Wednesday, March 10, 2010

Are Employment Bonds the solution?

As has already been discussed in the forum in topics like ‘Bonds do not bond’ and they are just a ‘piece of paper’ for the person who has already made up his mind to quit, I also agree that bonds are not the solution for bringing down attrition in a company. Companies like TCS have bonds which require freshers joining the company to work for a minimum of two years before they can quit. This is done to recover the money they spend on their training. But this is also the reason why many good students avoid sitting for TCS during their placements in campuses. And then does this bond actually prevent people from quitting? Not at all. Many freshers quit every year and they do not even pay back the amount they are needed to pay TCS if they are breaking the bond. There are forums on the internet where people openly write that this is not enforceable in India ( as has been mentioned already in one of the blogs in this forum) and share their experience of how they have left their companies without paying the money they were required to pay. Yes, one way that these people are penalized are they are not given their Provident Fund money or any experience certificate and cannot work for TCS in future. But this is not what the company had wanted from the bond. So, is the company actually able to retain its employees through bonds?

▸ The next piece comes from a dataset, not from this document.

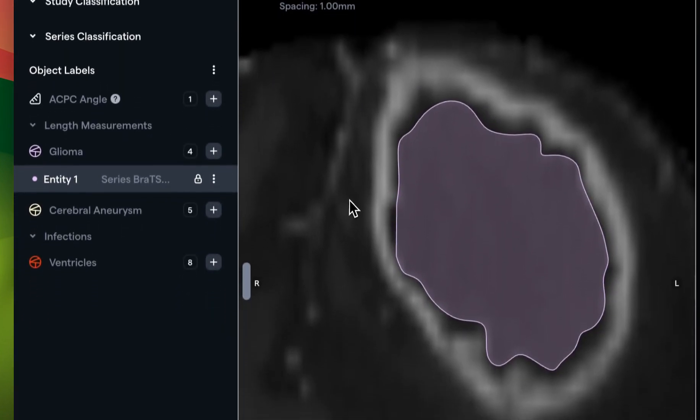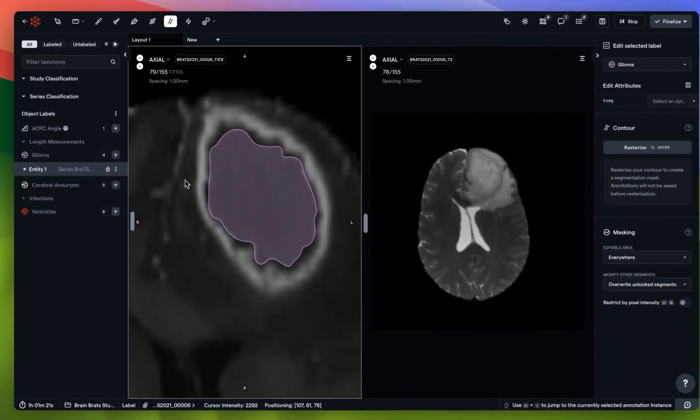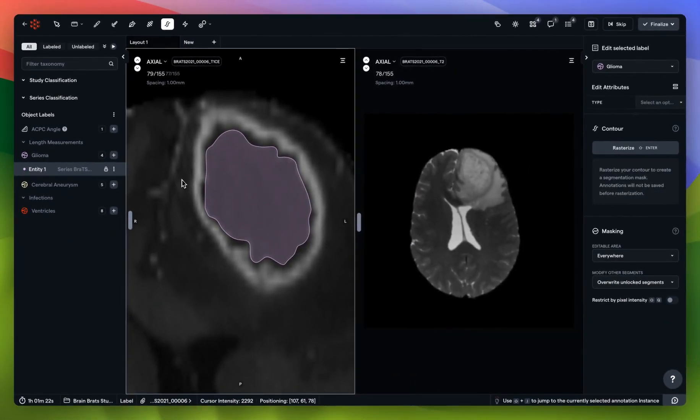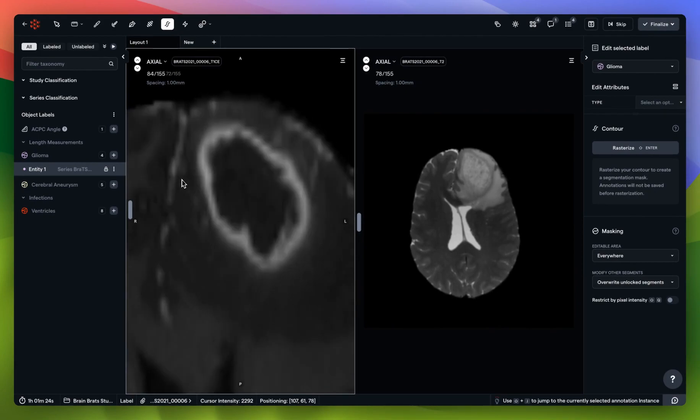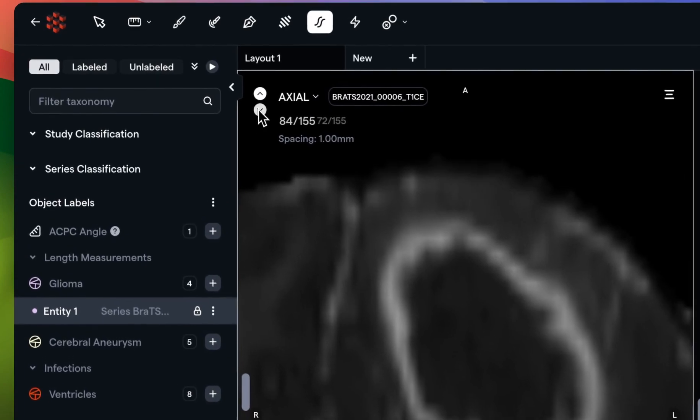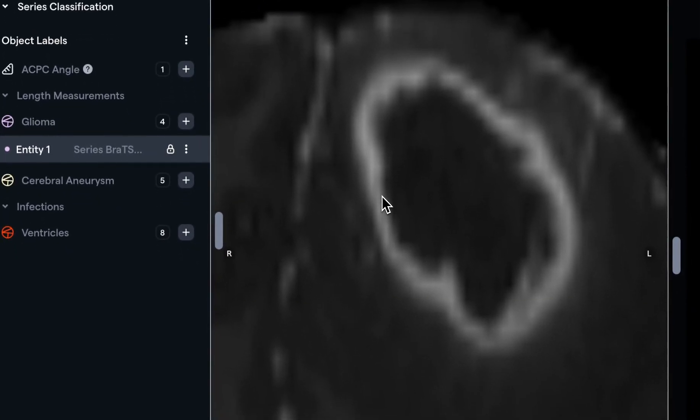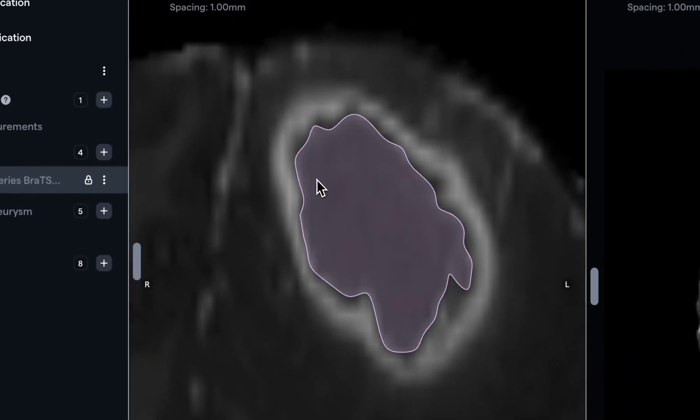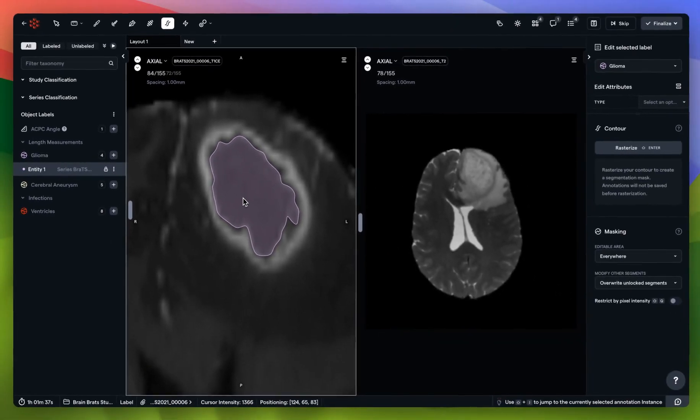However, the contour tool has interpolation. What I'm going to do instead is go up one, two, three, four, five slices by using the arrow keys on the keyboard. I'll do the exact same thing. I now have a contour on slice 84 and I have a contour on slice 79.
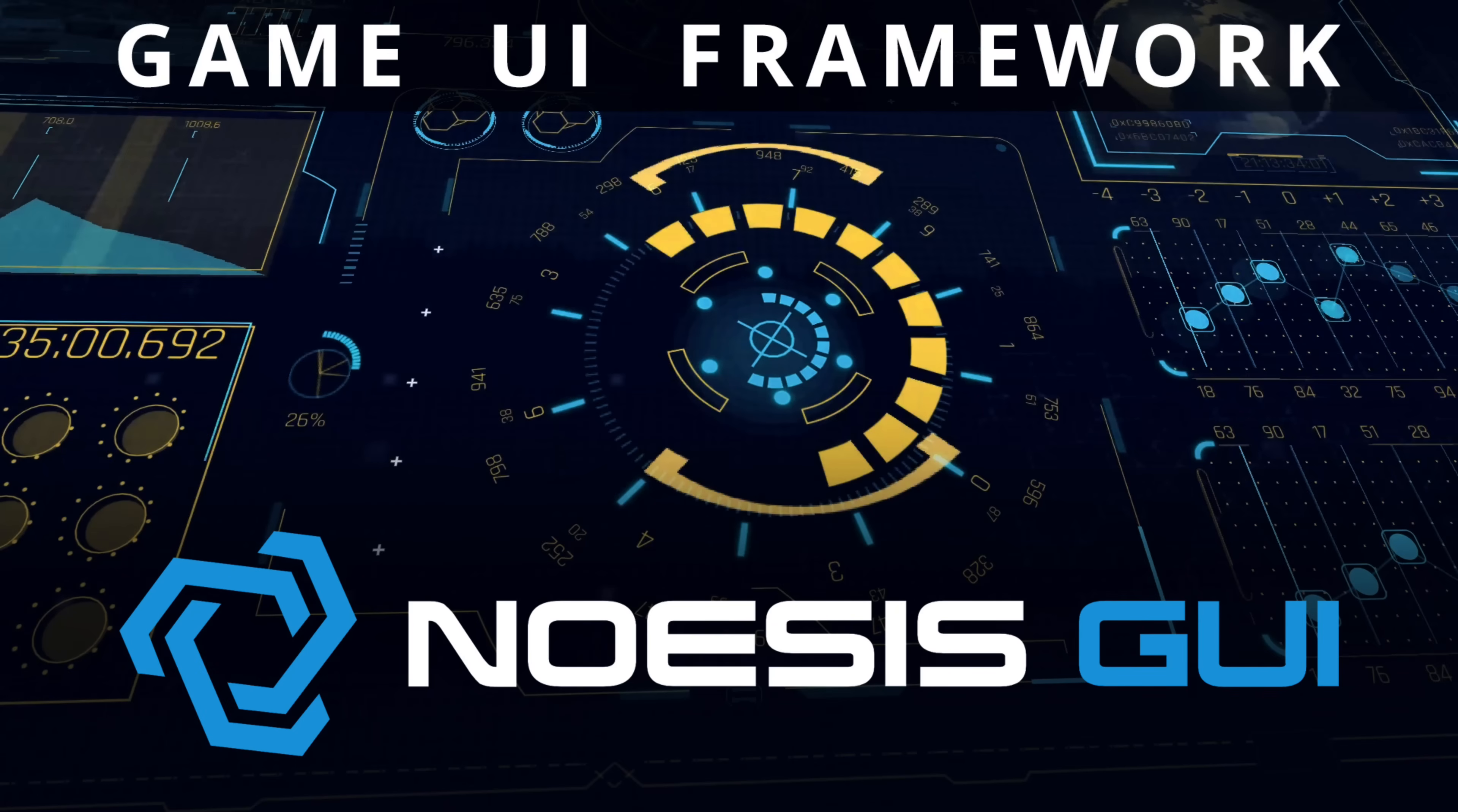Hello ladies and gentlemen, it's Mike here at Game From Scratch, and a while back a company called NoAssist reached out to me about covering their tool, NoAssist GUI.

Here, I will also give the example of Onmobile Global Ltd., Bangalore. This is the company I had worked for before coming here. Attrition in Onmobile is very low because they have ESOPS options for employees. You are entitled to get certain number of shares at face value but over a period of time. For instance, If you are entitled to 1000 shares, you will get 250 shares each every year. But you loose the rights to get the same if you quit before that. So, almost every employee wanted to stay on for a minimum of four years. So, I think incentives actually work better than bonds in bonding employees to the company.